1 Reply Latest reply on Nov 16, 2011 5:22 AM by galder.zamarreno

    Should Hotrod topo updates remove initial statically-configured servers? (5.1b4)

    inetdevboy

      We have a scenario in which Hotrod failover is breaking due to the automatic topology updates (using 5.1b4 at time of writing).

       

      Imagine a topology-aware Hotrod client connecting to a 2-node server cluster (nodes A and B) in either "distributed" or "replication" mode:

       

      Example 1 (successful failover):

      • Nodes A/B both started
      • Init Hotrod client with static server list [A,B].
      • client.put("key1", "value1")
      • stop node "A"
      • client.get("key1")
        • succeeds because client knows about "A" and "B", gets value from "B"
        • also receives new topology view of [B], "A" dropped from pool
      • start node "A" again, eventually syncs up with "B"
      • client.get("key1")
        • Note:  This is the "magic call" I'll refer to in example 2
        • get() call succeeds (value from A or B)
        • client receives topo view update of [A,B]
      • stop node "B"
      • client.get("key1")
        • succeeds, value pulled from "A"
        • client receives topo update of [A], "B" dropped from pool

       

      The problem stems from the fact that the topology updates are only received in reply to a client request.  In the scenario described above, if one removes the "magic call" noted above, the failover mechanism breaks.

       

      Example 2 (failover breakage):

      • Nodes A/B both started
      • Init Hotrod client with static server list [A,B].
      • client.put("key1", "value1")
      • stop node "A"
      • client.get("key1")
        • succeeds because client knew about "A" and "B", gets value from "B"
        • client also receives new topology view of [B], "A" dropped from pool
      • start node "A" again, eventually syncs up with "B"
      • stop node "B"
        • now, since there have been no intervening client calls, the client has a topo view of [B] only.
      • client.get("key1")
        • this fails, because the client doesn't know that "A" is available, and "B" is stopped.

       

      So what is the best solution to this problem?  I've thought of a few imperfect approaches (enumerated below), but I'd love to hear the team's recommendations.
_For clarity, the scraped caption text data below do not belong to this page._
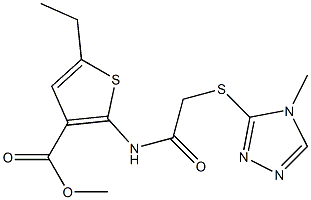 methyl 5-ethyl-2-(2-((4-methyl-4H-1,2,4-triazol-3-yl)thio)acetamido)thiophene-3-carboxylate Structure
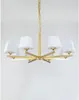 Candeliers Modern Golden Holected Iron Lámina de cobre E27 Lámpara LED de vidrio 6/8 cabezas para salón Restaurante suspensión casera G837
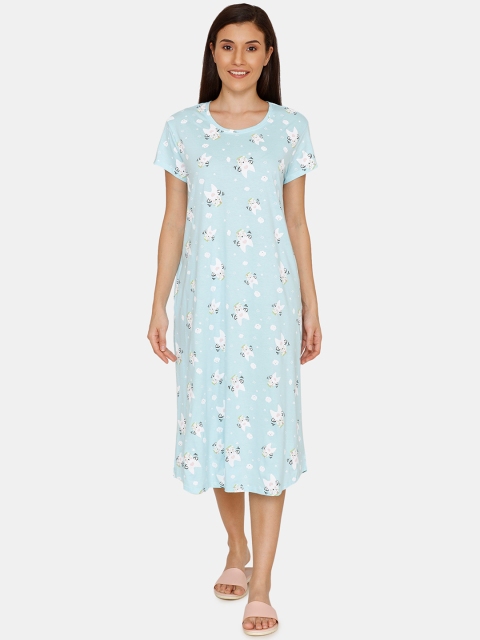 

Zivame Blue & White Printed Nightdress ZI60JG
      • In this simple 2-node view, one could simply disable topology awareness in the client, and stick with the static list indefinitely.  Has obvious drawbacks.
      • Perhaps the client's topology view should be reverted to the originally-defined static list in the event that all the nodes in the dynamically-updated topology view become unavailable.
      • If the node stop/starts were intentional operations (rolling restarts for maintenance, or whatever) one could wire up some mechanism by which all of the HotRod clients are told to ping for a topology update each time the topology changes.  This could be done via JMS, a JGroups-aware client or probably a hundred other ways, but it'd be nice to have a relatively standard implementation available out-of-the-box rather than everybody having to devise a custom solution.
      • Couldn't the HotRod protocol be augmented to allow a "push" of updated topology views from the server?  Just a response-only message with a new opcode indicating a topology push and ignore the message id?

       

      I look forward to hearing your thoughts.
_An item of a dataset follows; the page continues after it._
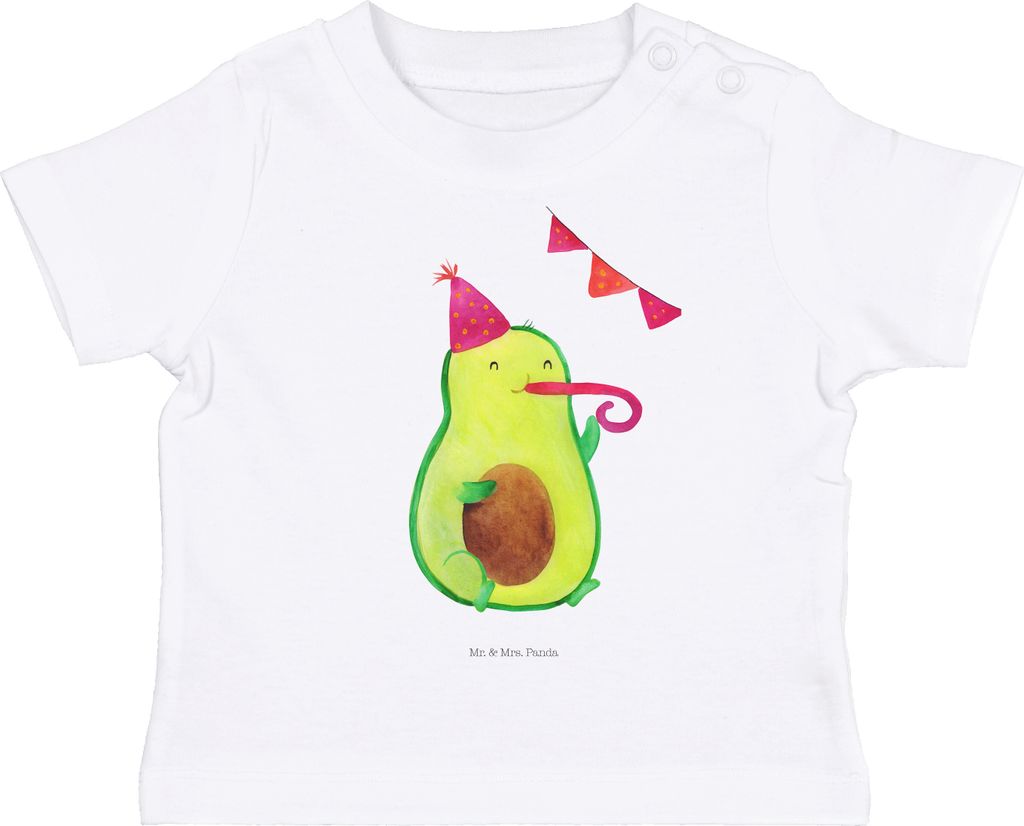 Mr. & Mrs. Panda Organic Baby Shirt Avocado Geburtstag 6. - 12. Monat - Weiß - Geschenk, Party, Kinder Oberteil, Frucht, Baumwollshirt, Babyshirt,...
        • 1. Re: Should Hotrod topo updates remove initial statically-configured servers? (5.1b4)
          galder.zamarreno

          @inetdevboy, very interesting post, thanks!! Onto your comments:

          inetdevboy wrote:

           

          The problem stems from the fact that the topology updates are only received in reply to a client request.  In the scenario described above, if one removes the "magic call" noted above, the failover mechanism breaks.

          That's the way it's currently designed

          inetdevboy wrote:

          • Perhaps the client's topology view should be reverted to the originally-defined static list in the event that all the nodes in the dynamically-updated topology view become unavailable.

          I think this is a good idea, the client could easily fallback on this. Would you mind creating a jira for it (https://issues.jboss.org/browse/ISPN)? You could even submit a patch for it! Should be very simple to implement

           

          inetdevboy wrote:

           

          • Couldn't the HotRod protocol be augmented to allow a "push" of updated topology views from the server?  Just a response-only message with a new opcode indicating a topology push and ignore the message id?

          We might consider this in the future cos we're planning of doing remote notifications from the server back to clients, for example when some data is updated. With this, clients can easily build L1 caches which can be very powerful in the near cache patterns.